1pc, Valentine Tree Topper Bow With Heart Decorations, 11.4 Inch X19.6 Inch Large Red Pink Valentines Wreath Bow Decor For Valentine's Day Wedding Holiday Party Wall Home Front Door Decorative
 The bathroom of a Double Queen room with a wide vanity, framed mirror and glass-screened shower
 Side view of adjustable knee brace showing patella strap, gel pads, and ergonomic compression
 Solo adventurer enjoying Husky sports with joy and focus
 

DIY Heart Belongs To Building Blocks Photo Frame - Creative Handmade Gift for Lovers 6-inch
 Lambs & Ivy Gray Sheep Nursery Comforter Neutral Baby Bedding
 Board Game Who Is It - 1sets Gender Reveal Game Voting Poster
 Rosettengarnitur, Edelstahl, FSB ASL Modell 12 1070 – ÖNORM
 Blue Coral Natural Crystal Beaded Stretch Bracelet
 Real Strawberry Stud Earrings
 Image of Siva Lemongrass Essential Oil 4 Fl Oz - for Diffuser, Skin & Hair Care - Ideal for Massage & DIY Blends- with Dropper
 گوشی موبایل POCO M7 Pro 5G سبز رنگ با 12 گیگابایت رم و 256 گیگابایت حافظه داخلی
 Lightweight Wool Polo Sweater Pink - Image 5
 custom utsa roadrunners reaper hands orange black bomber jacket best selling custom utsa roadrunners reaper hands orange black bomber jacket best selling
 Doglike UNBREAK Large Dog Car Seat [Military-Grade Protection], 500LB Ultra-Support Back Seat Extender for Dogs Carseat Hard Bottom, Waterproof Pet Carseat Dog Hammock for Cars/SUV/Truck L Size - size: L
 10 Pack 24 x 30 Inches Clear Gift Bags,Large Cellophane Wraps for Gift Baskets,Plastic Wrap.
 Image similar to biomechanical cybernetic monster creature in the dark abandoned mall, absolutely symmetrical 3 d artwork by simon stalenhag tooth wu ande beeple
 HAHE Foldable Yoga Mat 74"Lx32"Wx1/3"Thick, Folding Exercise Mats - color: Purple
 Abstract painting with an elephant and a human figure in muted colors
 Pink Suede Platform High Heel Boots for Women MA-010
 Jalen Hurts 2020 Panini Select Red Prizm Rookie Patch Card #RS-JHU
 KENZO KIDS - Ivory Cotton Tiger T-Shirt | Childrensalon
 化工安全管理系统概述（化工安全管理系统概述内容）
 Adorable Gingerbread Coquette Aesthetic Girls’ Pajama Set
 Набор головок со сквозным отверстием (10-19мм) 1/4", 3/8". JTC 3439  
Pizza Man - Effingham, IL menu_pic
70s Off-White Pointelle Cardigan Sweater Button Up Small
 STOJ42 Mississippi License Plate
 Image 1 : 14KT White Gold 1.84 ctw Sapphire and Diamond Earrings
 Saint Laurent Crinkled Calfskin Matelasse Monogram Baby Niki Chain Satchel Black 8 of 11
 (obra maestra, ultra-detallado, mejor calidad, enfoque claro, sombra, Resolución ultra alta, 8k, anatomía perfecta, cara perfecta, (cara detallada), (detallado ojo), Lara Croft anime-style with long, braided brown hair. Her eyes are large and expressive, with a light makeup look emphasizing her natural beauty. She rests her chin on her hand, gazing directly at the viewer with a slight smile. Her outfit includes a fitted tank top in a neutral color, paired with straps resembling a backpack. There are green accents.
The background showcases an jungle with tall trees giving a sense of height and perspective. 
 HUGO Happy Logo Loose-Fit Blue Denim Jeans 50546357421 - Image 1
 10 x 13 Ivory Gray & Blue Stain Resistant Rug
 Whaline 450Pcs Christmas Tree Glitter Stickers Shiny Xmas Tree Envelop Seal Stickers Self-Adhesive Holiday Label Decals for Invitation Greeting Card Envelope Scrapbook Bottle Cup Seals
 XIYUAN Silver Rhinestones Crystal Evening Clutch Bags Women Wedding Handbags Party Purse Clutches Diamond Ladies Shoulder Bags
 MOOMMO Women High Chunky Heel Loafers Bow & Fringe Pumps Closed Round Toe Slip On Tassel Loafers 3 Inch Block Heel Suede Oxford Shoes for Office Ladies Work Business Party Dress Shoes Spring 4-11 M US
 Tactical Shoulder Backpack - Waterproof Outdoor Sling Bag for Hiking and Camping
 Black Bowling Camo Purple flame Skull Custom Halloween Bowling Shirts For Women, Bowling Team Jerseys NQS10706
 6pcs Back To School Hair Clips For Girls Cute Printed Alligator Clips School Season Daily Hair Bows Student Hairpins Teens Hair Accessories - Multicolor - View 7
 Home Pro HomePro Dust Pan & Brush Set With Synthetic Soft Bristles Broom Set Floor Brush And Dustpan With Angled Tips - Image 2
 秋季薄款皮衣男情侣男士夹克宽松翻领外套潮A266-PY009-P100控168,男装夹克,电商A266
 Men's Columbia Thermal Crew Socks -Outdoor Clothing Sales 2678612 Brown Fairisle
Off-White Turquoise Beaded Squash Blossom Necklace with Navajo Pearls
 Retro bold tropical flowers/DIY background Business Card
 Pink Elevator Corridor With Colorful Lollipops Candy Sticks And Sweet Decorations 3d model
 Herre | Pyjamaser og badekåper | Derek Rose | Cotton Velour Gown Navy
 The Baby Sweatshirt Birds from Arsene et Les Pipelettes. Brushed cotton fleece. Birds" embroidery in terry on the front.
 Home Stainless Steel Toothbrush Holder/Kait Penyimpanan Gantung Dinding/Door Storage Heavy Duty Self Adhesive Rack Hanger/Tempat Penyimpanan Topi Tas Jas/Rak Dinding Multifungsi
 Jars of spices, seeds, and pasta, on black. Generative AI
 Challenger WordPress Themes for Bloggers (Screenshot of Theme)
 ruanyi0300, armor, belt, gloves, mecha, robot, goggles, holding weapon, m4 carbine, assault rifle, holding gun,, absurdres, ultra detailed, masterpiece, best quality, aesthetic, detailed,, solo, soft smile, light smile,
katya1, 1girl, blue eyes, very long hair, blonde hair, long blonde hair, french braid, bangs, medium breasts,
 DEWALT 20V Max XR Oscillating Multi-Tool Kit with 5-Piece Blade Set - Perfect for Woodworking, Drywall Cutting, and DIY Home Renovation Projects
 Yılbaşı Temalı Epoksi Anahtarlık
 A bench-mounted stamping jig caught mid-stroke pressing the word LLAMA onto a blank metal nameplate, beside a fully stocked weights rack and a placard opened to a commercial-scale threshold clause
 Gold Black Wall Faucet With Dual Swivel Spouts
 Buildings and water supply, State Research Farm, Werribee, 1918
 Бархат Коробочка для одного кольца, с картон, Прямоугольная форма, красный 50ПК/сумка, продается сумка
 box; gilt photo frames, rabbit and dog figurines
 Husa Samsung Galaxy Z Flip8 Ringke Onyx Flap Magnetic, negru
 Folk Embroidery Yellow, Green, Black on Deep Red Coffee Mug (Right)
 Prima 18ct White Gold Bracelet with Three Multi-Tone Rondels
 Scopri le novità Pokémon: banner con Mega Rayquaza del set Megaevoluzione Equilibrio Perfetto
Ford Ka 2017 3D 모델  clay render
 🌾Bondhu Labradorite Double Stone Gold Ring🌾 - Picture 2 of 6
* * *
WHAT YOU ARE ASKED TO DO
Take the stretch of lines above from the one containing "Black Bowling Camo" through the one containing "秋季薄款皮衣男情侣男士夹克宽" and repeat it exactly, adding no other line.

RESPONSE AREA
 Black Bowling Camo Purple flame Skull Custom Halloween Bowling Shirts For Women, Bowling Team Jerseys NQS10706
 6pcs Back To School Hair Clips For Girls Cute Printed Alligator Clips School Season Daily Hair Bows Student Hairpins Teens Hair Accessories - Multicolor - View 7
 Home Pro HomePro Dust Pan & Brush Set With Synthetic Soft Bristles Broom Set Floor Brush And Dustpan With Angled Tips - Image 2
 秋季薄款皮衣男情侣男士夹克宽松翻领外套潮A266-PY009-P100控168,男装夹克,电商A266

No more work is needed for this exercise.